Farklı etnik kimlikler ve resmi dilin haricindeki dillere alan açan hudut taşları itina ile olması gerektiği yerlere yerleştirildi. Erdoğan’ın Rabia formülünü açıklarken kurduğu, “Bizim başka vatanımız, gidecek yerimiz yok. Bizim vatanımız Türkiye’dir” cümlesi örneğinde olduğu gibi tek vatanın dışlayan değil aksine içeren bir aidiyet olduğunun altı çizildi.

Erdoğan ve AK Parti’nin “itham edildiği” milliyetçiliği hakim milliyetçilikten ayıran bir diğer unsur ise hamasetten ziyade somut göstergeler üzerine inşa edilmiş olması. Şoven bir milliyetçilik yorumu değil kapsayıcı bir bütün olarak Türkiye’ye ve Türk milletine yapılan somut ve pozitif katkılar bu milliyetçiliğin yapı taşlarını oluşturdu. Sözgelimi Türk lirasının değer kazanması veya “vatan”ın her köşesine yapılan yatırımlar milliyetçiliğin göstergesi olarak ifade edildi. Bu kurgu rahatsız etmek ve dışlamak bir yana dursun, Kürt seçmeni özellikle ikna etmek ve içermek amacını taşıyordu. Diğer tüm toplumsal, etnik ve kültürel kesimler kadar Kürt seçmenin de gündelik hayatına temas eden gelişmeler üzerinden özellikle Kürt seçmen bir muhasebe yapmaya davet edildi. Bölgeye yatırım yapmaya çalışan hükümetin mi yoksa bu yatırımları engelleyen PKK’nın mı Kürtlerin iyiliğini istediği sorusu sorularak, Kürt seçmen siyasi kararını vermeye, somut ve pozitif bir ajanda üzerinden oluşturulan “tek vatan, tek devlet, tek bayrak ve tek millet”in içerisinde yer almaya davet edildi.

Tekrar Oyuna Giren Devlet

Efsanenin çöküp ezberin bozulduğu bir diğer alan ise gündelik gelişmelerin ve siyasetin daha derininde yer alıyor. Çözüm Süreci’nin PKK-HDP tarafından bitirilmesiyle başlayan yeni süreçte devletin bölgede tekrar hesaba dahil edilmesi gereken bir aktör olduğu gözüktü. Devlet 90’ların terörle mücadelesinde ceberut bir aktör olarak denklemin içerisindeydi. Devlet, hamleleri takip edilen ancak rakip hatta düşman olarak konumlandırılan bir aktördü.

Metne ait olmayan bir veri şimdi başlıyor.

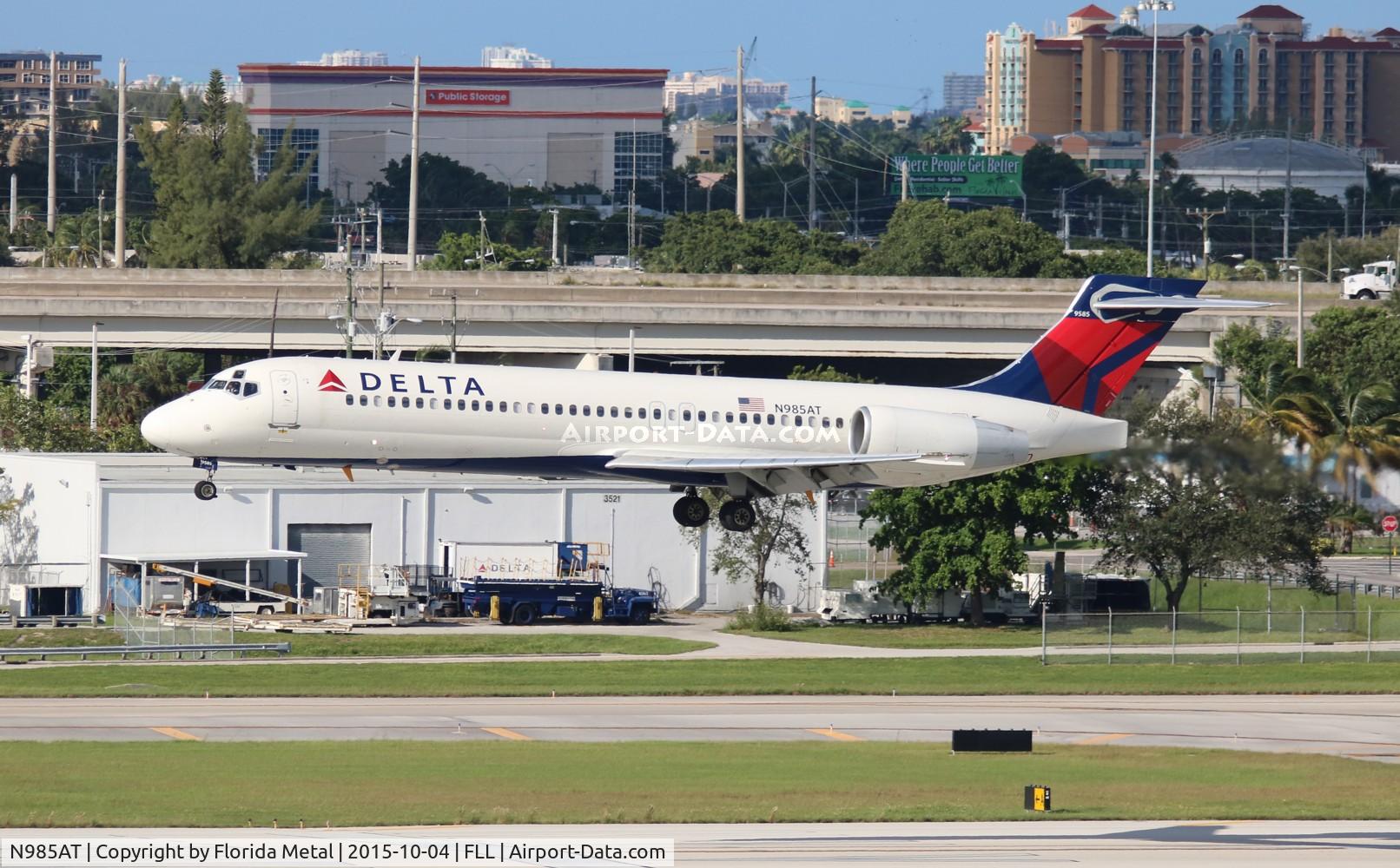 N985AT, 2001 Boeing 717-200 C/N 55090, Delta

Çözüm Süreci tecrübesinde devlet rakip ve/veya düşman pozisyonunu değiştirdi. Ancak bölgede başka bir şekilde var olma pratiğine sahip olmadığı için zaman içerisinde aktörlüğünü de yitirdi. Boşalan alan HDP-PKK tarafından dolduruldu ve HDP-PKK devletle ilişkilerin aracısı konumuna geldi. Çözüm Süreci’nin istenmeyen yan etkisi olarak ortaya çıkan bu tablo devleti Kürt vatandaşlar gözünde denkleme dahil edilmeyen bir aktör haline getirdi.

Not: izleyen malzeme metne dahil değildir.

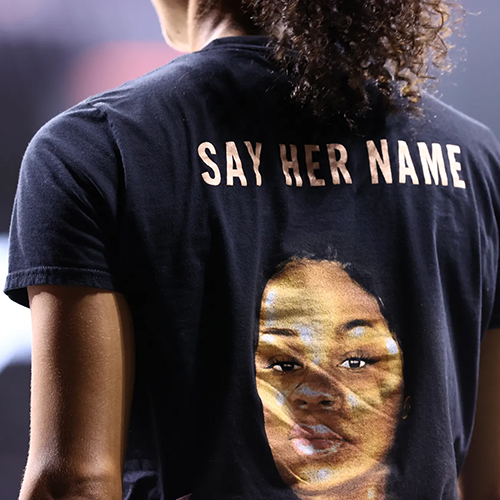 A WNBA player wears a warmup shirt honoring Breonna Taylor before a 2020 playoff game. Photo by Ned Dishman/NBAE via Getty Images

Ancak çözüm süreci sonrası terörle mücadelenin geldiği yeni noktada devlet tekrar aktör hatta yegane oyun kurucu haline geldi. Rakip/düşman pozisyonuna dönmeyen ve o olmadan herhangi bir neticeye ulaşılamayan bir aktör. Böylece Kürt seçmen için uzun süredir rafa kalkmış olan siyaset tekrar sahneye döndü. HDP-PKK’nın pozisyonundan başka bir pozisyonun getirileri ve götürüleri hesap edilir hale geldi. Siyasi katılım alternatifleri tekrar mümkün oldu. HDP-PKK cephesinden yapılan dur durak bilmeyen “hayır” çağrıları, referandumdan “evet” çıkarsa Kürtler için felaket olur tehditlerine rağmen Kürt seçmen PKK-HDP’den farklı alternatifi de değerlendirdi. Neticede “Kürtleri memnun etmek, siyasi süreçlere katmak, kopuşu önlemek için terörle mücadeleyi gevşetmek lazım” anlayışının geçerliliğini yitirmenin ötesinde -varsayılanın tam aksi yönde- sonuçlar doğurduğu ortaya çıktı. Tam da bu hedefleri gerçekleştirmek için terörle mücadelenin etkisi ve yoğunluğu artmalı, terörün boşalttığı alanda sivil siyaset varlık bulmalıdır.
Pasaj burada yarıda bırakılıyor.